As mentioned earlier, USD0 selects highly liquid and safe government bonds as collateral, which reduces the impact of bank systemic risks compared to commercial bank reserves. The short-term maturity assets used by USD0 can effectively avoid discount liquidation in the event of large-scale redemptions. If the asset has a long maturity, it may be forced to sell at a low price to meet redemptions, but the maturity of short-term assets can reduce this risk.

In addition, all assets are tokenized and put on the chain, and users can verify their liquidity and security at any time. This transparency greatly enhances users’ trust in the protocol. The smart contract automatically executes the issuance and management process of USD0 and ensures its price stability through the arbitrage mechanism. When the market price of USD0 deviates from its anchor value, arbitrageurs can restore its stability by buying and selling USD0. Through these measures, USD0 can minimize price fluctuations and reduce systemic risks in the event of large-scale redemptions.

Conclusion

With the continuous development of the Web3 industry, decentralized finance (DeFi) and cross-border payments have become the most potential application scenarios of blockchain. As an important tool to connect traditional finance and on-chain assets, stablecoins’ decentralized, transparent and fair revenue distribution mechanism will be the key to the future development of stablecoins.

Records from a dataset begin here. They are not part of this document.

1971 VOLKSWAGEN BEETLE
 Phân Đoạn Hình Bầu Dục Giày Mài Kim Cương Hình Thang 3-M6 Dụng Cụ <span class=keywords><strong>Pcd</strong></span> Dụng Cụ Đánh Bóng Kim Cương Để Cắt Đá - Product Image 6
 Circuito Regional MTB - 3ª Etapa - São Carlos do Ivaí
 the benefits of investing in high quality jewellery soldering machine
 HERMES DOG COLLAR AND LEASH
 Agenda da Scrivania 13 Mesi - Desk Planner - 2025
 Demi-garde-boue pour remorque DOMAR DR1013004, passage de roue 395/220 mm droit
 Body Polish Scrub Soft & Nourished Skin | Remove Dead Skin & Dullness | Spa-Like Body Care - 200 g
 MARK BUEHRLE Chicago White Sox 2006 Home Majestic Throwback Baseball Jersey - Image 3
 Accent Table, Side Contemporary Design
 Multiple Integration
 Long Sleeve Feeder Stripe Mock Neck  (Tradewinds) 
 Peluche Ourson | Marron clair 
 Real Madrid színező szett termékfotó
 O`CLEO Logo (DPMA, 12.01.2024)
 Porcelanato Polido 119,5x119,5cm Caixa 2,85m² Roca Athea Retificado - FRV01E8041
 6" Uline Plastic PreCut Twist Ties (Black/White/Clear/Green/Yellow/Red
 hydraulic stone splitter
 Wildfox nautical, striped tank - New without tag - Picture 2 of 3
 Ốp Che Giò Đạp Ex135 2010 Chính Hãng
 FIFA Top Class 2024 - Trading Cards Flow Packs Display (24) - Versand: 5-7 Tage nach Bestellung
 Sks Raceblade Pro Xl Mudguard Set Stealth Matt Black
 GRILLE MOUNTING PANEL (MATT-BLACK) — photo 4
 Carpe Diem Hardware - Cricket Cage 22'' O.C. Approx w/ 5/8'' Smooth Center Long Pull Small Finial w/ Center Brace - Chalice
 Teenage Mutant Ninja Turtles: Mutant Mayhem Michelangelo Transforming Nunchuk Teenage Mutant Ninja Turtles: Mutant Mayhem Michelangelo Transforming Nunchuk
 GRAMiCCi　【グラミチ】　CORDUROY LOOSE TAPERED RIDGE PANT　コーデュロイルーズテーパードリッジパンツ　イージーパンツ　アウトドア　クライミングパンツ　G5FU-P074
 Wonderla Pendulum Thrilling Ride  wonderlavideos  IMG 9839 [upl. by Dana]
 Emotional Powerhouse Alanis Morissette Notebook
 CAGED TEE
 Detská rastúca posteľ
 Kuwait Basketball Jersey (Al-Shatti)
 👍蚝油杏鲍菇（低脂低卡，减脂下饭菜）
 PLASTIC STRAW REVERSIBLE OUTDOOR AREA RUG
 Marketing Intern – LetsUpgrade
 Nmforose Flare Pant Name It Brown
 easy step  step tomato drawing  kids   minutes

One of the core concepts of Web3 is decentralization and sharing value with users. The Usual project is based on this concept, innovatively combining the advantages of traditional finance with the decentralized spirit of Web3, through a more transparent, fair and decentralized mechanism, creating a new stable currency model. It not only provides users with higher benefits, but also allows more community members to participate in protocol governance and share network value and business dividends.

This model may be the future of the real Web3.0 stable currency.